Supplied information START

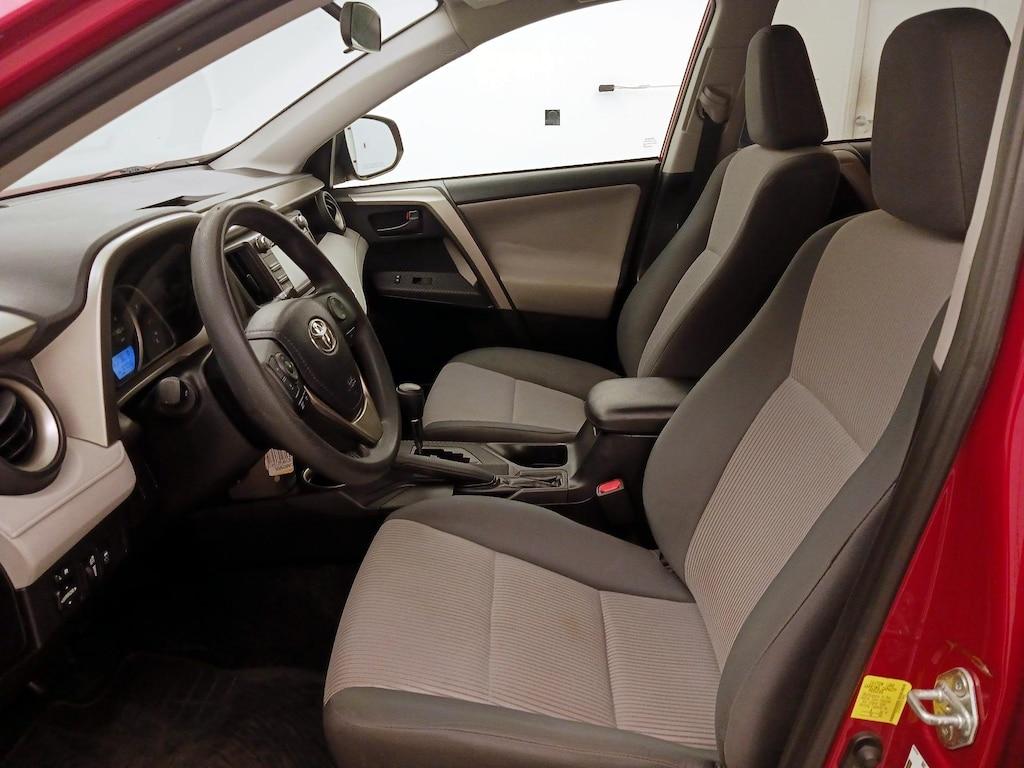 used 2015 Toyota RAV4 car, priced at $17,998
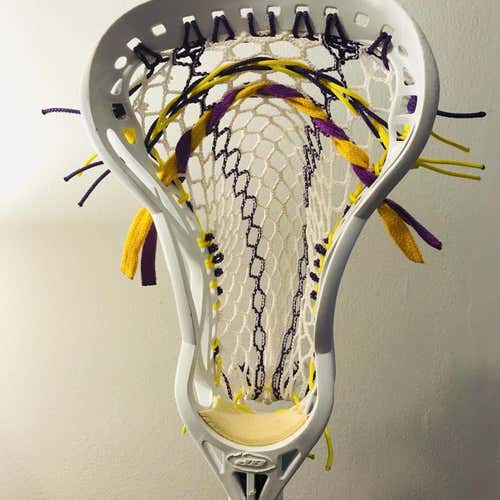 deBeer Gait Intrepid (Triton)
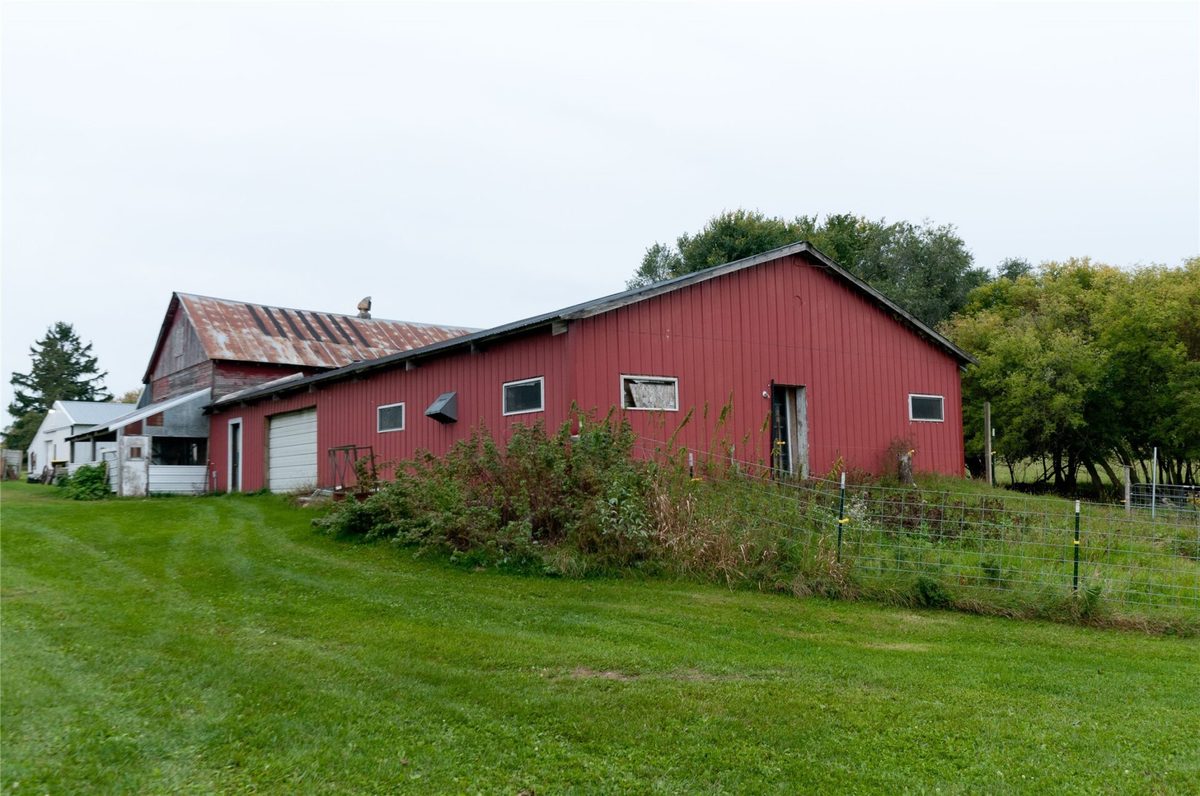 986 9th Street, Barron WI 54812 - Farm house for sale - MLS #1605580 - image20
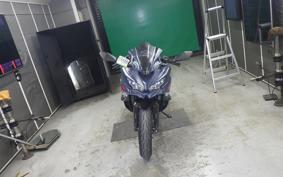 KAWASAKI ZX-25R 2021 ZX250E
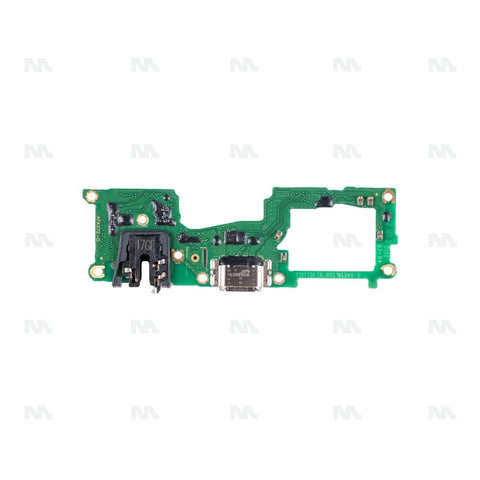 Carte de charge pour Oppo A94 5G OEM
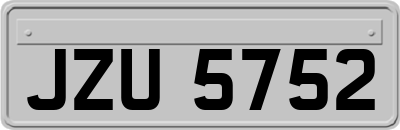 JZU5752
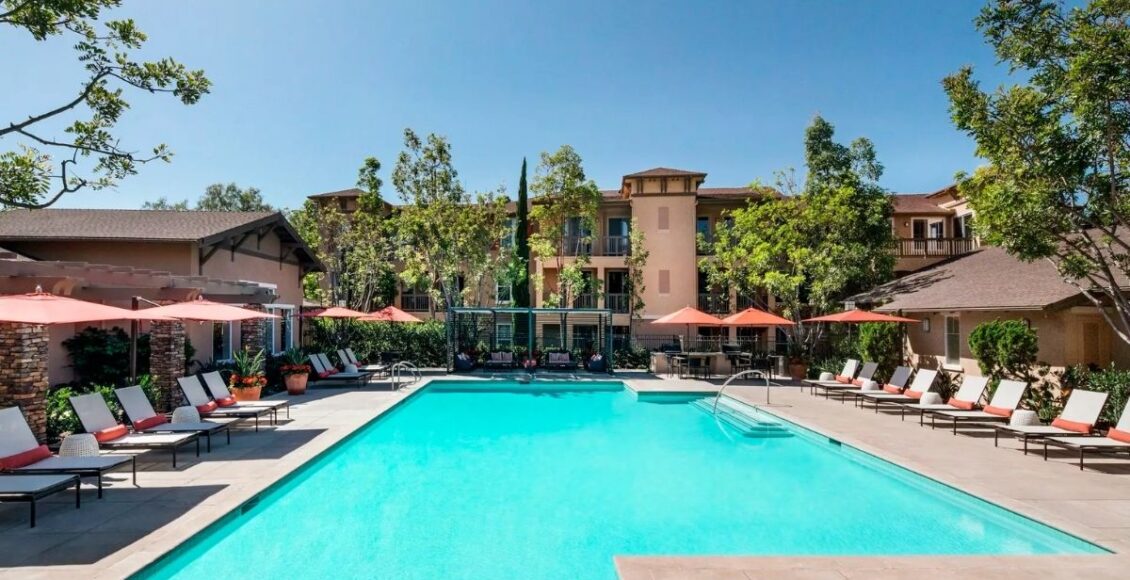 Project Community Torrey Ridge Renovation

Supplied information END

Work task —
Return every record above exactly as written, but drop the pictures.

Exercise output —
 used 2015 Toyota RAV4 car, priced at $17,998
 deBeer Gait Intrepid (Triton)
 986 9th Street, Barron WI 54812 - Farm house for sale - MLS #1605580 - image20
 KAWASAKI ZX-25R 2021 ZX250E
 Carte de charge pour Oppo A94 5G OEM
 JZU5752
 Project Community Torrey Ridge Renovation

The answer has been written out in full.